→ Task brief
Scan the data below and copy each line where "Waterproof" occurs.

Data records
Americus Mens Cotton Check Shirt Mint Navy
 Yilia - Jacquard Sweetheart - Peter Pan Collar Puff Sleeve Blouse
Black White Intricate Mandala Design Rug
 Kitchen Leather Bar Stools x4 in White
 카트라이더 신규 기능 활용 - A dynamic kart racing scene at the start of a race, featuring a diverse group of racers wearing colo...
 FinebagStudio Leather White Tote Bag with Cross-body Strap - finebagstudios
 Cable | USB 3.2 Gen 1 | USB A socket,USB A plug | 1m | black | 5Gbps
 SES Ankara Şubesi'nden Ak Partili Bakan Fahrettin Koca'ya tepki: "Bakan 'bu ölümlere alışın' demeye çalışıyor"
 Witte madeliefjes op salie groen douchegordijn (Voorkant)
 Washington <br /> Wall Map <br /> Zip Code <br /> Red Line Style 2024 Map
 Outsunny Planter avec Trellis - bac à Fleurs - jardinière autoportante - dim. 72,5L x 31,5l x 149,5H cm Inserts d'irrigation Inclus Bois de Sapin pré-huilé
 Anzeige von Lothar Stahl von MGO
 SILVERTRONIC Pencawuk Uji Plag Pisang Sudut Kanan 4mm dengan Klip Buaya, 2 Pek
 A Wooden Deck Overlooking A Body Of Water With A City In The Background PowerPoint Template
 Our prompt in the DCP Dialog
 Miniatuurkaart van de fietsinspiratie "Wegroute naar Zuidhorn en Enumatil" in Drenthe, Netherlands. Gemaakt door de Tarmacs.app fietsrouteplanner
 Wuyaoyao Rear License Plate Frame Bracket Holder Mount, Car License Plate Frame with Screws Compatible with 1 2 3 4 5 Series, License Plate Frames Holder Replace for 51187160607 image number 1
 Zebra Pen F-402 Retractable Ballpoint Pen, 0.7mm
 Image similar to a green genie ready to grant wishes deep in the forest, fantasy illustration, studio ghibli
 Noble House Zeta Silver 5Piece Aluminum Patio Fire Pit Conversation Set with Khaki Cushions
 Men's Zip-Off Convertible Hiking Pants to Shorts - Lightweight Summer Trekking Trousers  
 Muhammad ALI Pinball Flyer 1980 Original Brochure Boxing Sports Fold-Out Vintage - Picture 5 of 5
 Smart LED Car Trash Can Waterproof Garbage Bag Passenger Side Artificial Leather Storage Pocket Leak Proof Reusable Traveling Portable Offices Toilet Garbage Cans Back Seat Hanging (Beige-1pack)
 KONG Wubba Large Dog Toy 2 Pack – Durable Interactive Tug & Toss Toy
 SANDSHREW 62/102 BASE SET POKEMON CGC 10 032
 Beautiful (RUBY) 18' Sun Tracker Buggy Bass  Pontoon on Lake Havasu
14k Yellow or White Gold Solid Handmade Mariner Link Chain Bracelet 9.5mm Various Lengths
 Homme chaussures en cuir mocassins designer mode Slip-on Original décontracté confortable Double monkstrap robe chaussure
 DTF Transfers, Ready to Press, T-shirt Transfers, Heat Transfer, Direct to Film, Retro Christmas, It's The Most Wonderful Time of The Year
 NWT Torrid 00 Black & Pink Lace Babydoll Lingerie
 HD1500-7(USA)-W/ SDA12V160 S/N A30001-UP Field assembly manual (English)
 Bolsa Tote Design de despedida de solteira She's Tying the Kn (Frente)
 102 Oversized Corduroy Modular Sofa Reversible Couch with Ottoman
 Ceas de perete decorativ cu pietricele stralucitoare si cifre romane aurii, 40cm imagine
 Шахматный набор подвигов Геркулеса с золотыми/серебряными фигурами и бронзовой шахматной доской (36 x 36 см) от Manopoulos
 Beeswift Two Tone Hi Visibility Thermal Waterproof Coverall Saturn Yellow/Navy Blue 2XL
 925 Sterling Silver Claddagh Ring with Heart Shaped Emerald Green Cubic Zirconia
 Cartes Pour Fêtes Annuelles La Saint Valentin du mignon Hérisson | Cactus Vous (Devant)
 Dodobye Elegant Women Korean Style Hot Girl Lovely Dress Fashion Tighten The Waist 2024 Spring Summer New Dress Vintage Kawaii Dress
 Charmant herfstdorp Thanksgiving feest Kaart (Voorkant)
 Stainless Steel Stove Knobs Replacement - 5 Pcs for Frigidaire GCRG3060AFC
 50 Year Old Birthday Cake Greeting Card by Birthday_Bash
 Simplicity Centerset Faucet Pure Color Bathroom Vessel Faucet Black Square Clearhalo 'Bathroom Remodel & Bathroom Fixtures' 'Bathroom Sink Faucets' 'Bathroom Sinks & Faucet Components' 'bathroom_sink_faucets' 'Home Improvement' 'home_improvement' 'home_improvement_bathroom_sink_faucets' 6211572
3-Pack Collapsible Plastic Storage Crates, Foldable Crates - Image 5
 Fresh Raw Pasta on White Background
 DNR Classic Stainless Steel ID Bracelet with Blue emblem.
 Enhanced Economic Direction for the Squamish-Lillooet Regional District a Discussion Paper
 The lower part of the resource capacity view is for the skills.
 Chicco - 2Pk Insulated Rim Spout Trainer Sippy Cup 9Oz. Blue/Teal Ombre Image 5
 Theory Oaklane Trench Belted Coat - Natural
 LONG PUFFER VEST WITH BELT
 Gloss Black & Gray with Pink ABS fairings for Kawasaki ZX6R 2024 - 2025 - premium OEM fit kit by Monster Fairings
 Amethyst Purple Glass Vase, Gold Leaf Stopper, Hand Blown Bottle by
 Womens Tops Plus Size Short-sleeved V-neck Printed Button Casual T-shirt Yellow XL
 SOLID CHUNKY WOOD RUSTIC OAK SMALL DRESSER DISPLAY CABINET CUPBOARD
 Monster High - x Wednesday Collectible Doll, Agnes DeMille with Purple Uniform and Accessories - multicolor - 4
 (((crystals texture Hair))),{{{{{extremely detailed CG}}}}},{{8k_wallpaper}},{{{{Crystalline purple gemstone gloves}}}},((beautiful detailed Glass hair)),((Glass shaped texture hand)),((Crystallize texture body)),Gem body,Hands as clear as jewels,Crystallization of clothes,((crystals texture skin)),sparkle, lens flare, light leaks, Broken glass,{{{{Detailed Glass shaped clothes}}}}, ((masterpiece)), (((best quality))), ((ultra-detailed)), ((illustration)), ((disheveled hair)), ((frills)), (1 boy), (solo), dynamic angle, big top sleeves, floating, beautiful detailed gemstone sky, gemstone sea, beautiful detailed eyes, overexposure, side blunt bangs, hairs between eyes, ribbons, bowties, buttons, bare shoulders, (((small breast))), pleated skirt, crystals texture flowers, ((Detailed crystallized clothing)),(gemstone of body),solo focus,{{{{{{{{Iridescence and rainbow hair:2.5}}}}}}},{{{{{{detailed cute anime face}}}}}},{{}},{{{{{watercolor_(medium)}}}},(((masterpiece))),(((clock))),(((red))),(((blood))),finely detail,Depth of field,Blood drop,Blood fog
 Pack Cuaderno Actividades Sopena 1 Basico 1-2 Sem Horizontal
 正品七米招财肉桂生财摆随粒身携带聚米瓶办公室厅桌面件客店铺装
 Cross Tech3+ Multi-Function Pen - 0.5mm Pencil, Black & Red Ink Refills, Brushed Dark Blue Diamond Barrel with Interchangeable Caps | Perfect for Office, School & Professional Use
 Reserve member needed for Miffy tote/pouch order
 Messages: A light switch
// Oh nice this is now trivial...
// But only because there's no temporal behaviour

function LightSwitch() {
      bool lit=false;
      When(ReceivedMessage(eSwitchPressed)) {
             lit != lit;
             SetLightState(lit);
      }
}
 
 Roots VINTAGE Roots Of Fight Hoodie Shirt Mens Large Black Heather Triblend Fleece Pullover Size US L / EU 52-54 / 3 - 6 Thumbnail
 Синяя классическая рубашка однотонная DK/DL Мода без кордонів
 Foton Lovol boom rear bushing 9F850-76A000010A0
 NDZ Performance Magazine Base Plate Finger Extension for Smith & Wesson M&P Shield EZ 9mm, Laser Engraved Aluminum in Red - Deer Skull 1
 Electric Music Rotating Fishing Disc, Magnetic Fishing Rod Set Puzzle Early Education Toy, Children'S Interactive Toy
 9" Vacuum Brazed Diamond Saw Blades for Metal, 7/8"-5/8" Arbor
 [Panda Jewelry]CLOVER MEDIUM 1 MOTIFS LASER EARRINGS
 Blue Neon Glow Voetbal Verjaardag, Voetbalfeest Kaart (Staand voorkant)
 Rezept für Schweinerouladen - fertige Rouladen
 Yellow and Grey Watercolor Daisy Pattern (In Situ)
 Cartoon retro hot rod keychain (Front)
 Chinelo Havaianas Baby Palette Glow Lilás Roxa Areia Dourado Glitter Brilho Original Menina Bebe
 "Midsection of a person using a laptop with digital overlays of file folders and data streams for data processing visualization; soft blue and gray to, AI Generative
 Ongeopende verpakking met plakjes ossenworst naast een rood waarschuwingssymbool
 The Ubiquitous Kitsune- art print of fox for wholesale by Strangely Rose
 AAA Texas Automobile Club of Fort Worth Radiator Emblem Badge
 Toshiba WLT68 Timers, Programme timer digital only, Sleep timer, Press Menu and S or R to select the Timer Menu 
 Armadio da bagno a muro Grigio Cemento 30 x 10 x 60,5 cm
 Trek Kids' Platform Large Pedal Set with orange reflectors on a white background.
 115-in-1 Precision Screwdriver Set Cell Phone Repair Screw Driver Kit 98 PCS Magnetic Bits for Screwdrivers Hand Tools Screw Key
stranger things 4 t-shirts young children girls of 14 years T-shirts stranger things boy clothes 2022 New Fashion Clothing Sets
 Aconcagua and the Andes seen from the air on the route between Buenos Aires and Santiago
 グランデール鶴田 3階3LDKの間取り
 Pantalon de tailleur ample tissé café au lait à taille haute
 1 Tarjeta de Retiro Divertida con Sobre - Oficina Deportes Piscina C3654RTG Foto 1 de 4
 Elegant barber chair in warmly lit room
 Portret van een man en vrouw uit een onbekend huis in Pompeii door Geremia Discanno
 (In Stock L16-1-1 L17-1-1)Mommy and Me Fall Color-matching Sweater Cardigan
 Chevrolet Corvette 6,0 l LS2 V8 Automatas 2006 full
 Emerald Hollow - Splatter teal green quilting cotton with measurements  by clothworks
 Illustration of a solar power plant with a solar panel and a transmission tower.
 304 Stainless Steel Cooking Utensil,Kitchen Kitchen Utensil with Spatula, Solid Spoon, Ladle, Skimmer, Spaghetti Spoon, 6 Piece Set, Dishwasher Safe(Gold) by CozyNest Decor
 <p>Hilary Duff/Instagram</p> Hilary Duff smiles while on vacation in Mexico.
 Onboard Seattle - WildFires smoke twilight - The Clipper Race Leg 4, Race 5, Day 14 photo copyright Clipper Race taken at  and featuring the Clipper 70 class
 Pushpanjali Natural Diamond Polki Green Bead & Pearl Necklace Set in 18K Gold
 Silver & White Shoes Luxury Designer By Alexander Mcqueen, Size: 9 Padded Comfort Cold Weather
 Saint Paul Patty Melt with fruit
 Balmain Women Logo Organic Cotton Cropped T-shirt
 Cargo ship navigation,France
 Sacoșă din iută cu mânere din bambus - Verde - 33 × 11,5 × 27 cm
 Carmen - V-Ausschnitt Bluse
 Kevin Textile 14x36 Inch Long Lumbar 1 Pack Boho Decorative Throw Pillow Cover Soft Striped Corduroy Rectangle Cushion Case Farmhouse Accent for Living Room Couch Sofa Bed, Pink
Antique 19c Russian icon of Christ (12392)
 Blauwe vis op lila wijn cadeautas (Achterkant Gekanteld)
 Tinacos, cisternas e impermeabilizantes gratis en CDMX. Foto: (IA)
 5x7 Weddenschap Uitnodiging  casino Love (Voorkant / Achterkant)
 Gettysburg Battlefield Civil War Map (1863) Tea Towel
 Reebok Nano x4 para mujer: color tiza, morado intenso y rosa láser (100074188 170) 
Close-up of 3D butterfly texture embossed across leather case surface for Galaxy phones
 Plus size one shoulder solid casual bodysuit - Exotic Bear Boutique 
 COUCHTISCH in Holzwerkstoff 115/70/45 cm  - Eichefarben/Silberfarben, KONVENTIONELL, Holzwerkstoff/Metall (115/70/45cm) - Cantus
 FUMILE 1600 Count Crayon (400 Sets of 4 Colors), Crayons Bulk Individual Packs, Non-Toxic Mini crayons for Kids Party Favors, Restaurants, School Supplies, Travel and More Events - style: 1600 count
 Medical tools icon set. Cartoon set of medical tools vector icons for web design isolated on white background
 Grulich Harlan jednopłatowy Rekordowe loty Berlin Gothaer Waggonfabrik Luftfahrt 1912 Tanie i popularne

→ Result
 Smart LED Car Trash Can Waterproof Garbage Bag Passenger Side Artificial Leather Storage Pocket Leak Proof Reusable Traveling Portable Offices Toilet Garbage Cans Back Seat Hanging (Beige-1pack)
 Beeswift Two Tone Hi Visibility Thermal Waterproof Coverall Saturn Yellow/Navy Blue 2XL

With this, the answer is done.